Grazie al suo recente passaggio in Italia, ci siamo seduti ad un tavolo dell’Asino Che Vola, uno dei locali romani più attivi per quanto riguarda la musica dal vivo, ed abbiamo parlato con Paul di molte cose. Ad esempio della sua carriera, dei suoi ricordi più felici, ed anche di qualche rimpianto, in una chiacchierata coinvolta e sentita su entrambi i fronti.
Paul non c’è altro da dire: siamo felicissimi di incontrarti. In più di trent’anni di rivista per qualche motivo ci siamo sempre mancati! Come sta andando il tour fino ad adesso?
Grazie a voi per quest’intervista, è bello poter parlare con una rivista cartacea ancora in circolazione, soprattutto con una testata storica come la vostra, non è facile al giorno d’oggi!
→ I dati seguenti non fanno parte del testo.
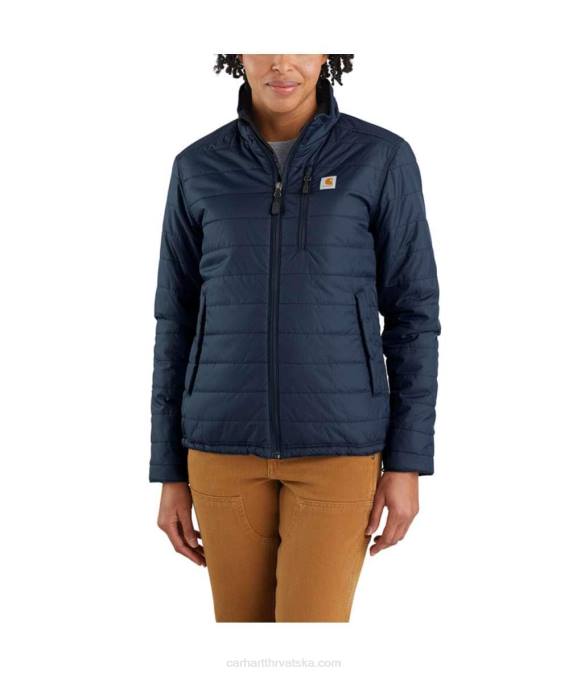 rain defender lagana izolirana jakna opuštenog kroja žene Carhartt crno 8PP4190
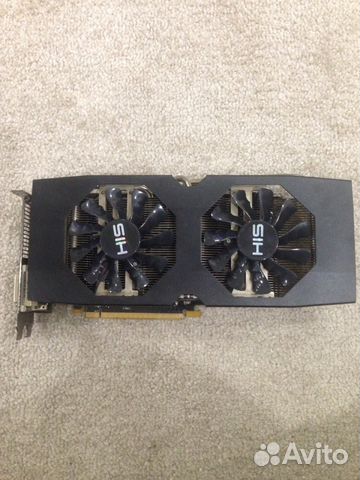 Видеокарта HIS R9 380 IceQ X2 OC 2GB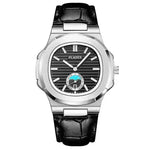 Waterproof quartz watch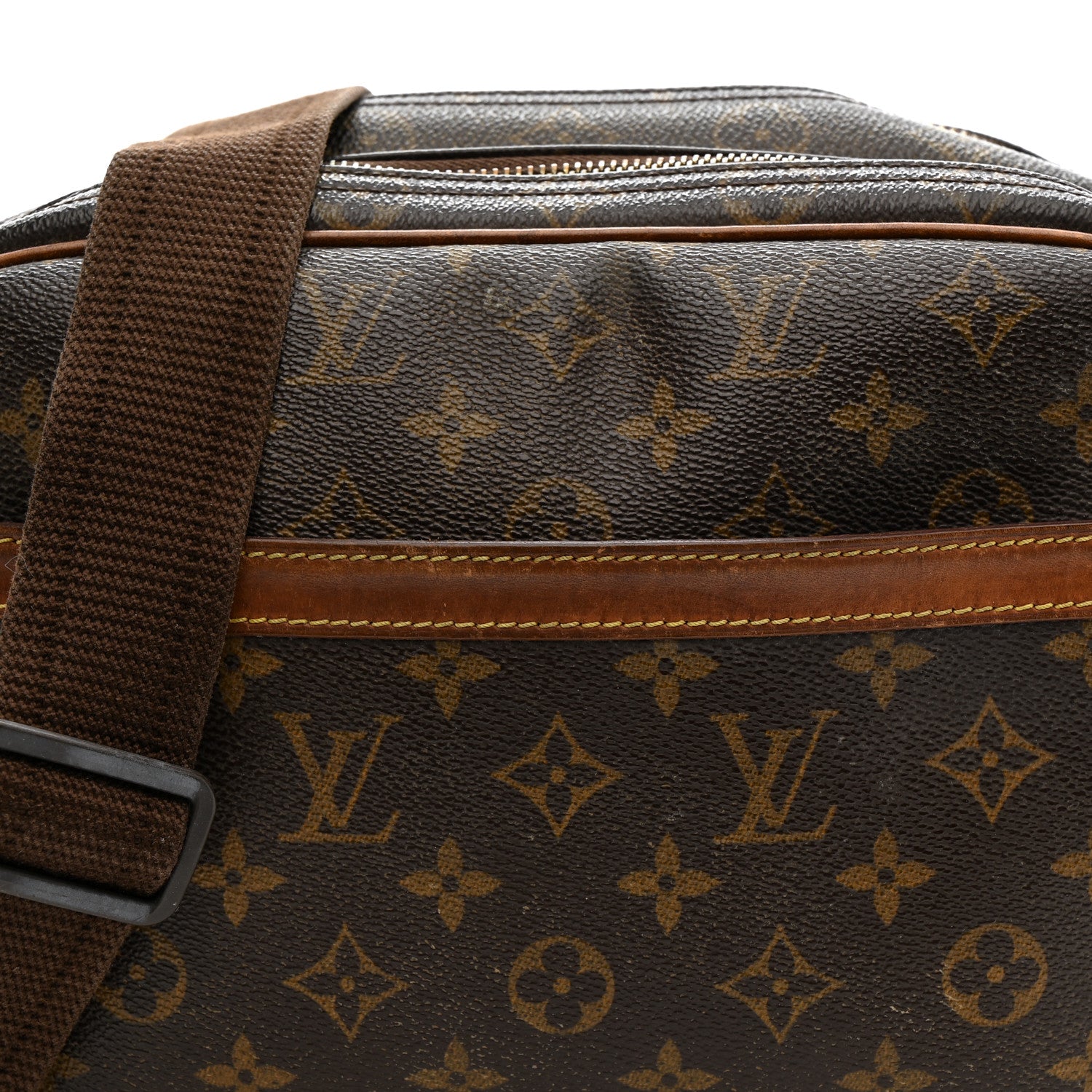Louis Vuitton Monogram Reporter PM 9 of 22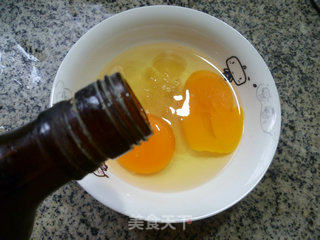 Scrambled Eggs with Dried Radish recipe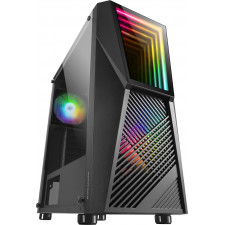 Mars Gaming MC777 caixa para computador Preto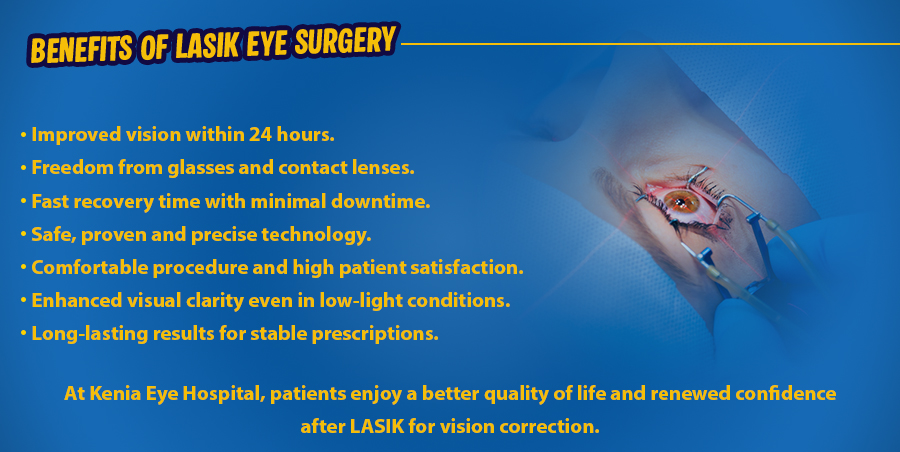 benifit of lasik recovery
Per quanto riguarda il tour va tutto molto bene, diciamo che essendo oggi la quarta serata le cose vanno sempre migliorando, sono convinto che domani, quando si viaggerà verso l’Austria, avremo accumulato ulteriori energie.
Ripensando alla tua carriera nel momento di preparare questa intervista, è stato impossibile non guardare ai tanti traguardi che hai raggiunto. Ad esempio il primo lavoro in studio di registrazione, avevi soltanto diciassette anni, lavoravi per una delle case discografiche più importanti della storia, e hai iniziato con un brano che è schizzato ai primi posti delle classifiche.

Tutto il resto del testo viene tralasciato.